When I travel, one of the pleasures for me when buying souvenirs is buying from real people, with real stories. Sometimes I get to talk to the vendors and find out about their lives and how they came to sell what they are selling. Most recently, I was in Nova Scotia, in the village of St. Martin, where I went into a little shop. I didn’t intend to talk to the owner, but I’m so glad that I did – so glad, in fact, that I would like to share her story because it speaks to a deep kind of healing.
It was the cutest little shop, maybe 15 by 15 feet, in a stand-alone little wooden house. When several people entered the shop, the owner, a woman in her late 50’s warmly greeted us and let us know to be careful with the uneven floors. I gravitated toward a wall with unusual-looking jewelry, as did several other people. The owner came up to us and started telling us that she made this jewelry herself – several pieces were made from old silver serving trays, and several from pieces of China that the owner’s mother used to own. I was really drawn to one of the silver pieces (a pendant), and brought it up to the register. As she wrapped it up for me, I commented on the beauty of the jewelry and her creativity in repurposing the silver and the China. She looked at me with a very alive, warm gaze, and spontaneously volunteered this story: “When I was a little girl, my mother would make me polish the silver. I had to do it for hours, and it was awful. And I vowed that when I grew up, I would never have to do it again. So when my mother died, I took the silver and cut it up to make jewelry.” She had a really joyous smile on her face (as she handed me the credit card receipt), and I couldn’t help but join her. “What a creative way of changing your past”, I said to her, realizing immediately that I misspoke. You can’t change your past, my inner voice reminded me. But both the shop owner and I knew what I meant.

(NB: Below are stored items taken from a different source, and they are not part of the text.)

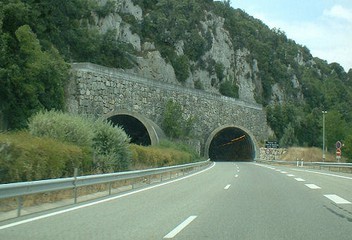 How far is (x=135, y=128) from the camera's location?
56938mm

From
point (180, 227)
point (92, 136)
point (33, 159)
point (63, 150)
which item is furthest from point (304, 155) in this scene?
point (180, 227)

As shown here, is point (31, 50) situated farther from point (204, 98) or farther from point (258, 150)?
point (258, 150)

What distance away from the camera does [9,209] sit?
12.2 metres

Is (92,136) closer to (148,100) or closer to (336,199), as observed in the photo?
(336,199)

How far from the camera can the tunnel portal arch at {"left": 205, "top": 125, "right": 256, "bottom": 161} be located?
257 ft

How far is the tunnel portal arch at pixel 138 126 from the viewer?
49.8 metres

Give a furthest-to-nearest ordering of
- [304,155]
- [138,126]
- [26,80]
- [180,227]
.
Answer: [304,155] < [138,126] < [26,80] < [180,227]

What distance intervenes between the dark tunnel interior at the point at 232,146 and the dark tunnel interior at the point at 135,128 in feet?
79.1

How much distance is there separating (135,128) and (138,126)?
0.99 metres

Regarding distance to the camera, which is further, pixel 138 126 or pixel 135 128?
pixel 135 128

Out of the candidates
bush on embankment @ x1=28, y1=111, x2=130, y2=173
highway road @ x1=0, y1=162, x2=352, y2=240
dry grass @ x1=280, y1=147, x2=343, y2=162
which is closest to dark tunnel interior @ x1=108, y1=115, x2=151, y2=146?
dry grass @ x1=280, y1=147, x2=343, y2=162

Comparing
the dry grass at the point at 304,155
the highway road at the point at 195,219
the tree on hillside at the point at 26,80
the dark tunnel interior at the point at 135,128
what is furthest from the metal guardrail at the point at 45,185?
the dry grass at the point at 304,155

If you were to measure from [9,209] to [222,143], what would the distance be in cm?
8326

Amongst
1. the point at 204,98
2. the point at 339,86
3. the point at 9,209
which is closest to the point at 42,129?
the point at 9,209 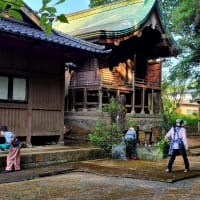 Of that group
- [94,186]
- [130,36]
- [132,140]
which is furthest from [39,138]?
[130,36]

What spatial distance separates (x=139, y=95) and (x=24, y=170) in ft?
49.7

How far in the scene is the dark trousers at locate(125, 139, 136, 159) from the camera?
13.3 metres

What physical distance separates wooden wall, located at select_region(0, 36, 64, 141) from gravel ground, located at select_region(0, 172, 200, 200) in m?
3.73

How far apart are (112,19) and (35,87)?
11138mm

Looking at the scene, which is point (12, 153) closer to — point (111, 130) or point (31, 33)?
point (31, 33)

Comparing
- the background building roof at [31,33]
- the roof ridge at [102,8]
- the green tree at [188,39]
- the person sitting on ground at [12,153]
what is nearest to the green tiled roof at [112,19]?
the roof ridge at [102,8]

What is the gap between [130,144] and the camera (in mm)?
13344

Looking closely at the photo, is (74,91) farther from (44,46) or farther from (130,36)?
(44,46)

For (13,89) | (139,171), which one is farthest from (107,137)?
(13,89)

I was very moved by this. I don’t know whether this woman realizes the depth of this act on her part, or whether this was an intuitive path she followed. As a child, she felt trapped in this really tedious chore. As I imagine it, maybe her mother was tough on her, possibly criticizing the quality of her work, and maybe making her do it until the silver was polished to the mother’s liking. To a little girl, sitting for hours, possibly alone, and doing this chore, was grueling and painful. To make a vow to oneself at a young age means both encountering something traumatic, and also having a sense of hope and a powerful will to heal and find one’s own life, away from the source of the trauma. So when this little girl grew up, she changed her story. She channeled this trauma into a creative experience and even a way to make a living. Thus, she was able to separate from her mother (at least in this way), probably also channeling her anger into the act of cutting up the silver (and breaking those China dishes, too). She got to “get rid” of all that tedious silver, but not by selling it and pushing it out of awareness – she repurposed it with her own creativity, in her own way and no one else’s. I feel so grateful to have heard that story and to now own a piece of this very healing act.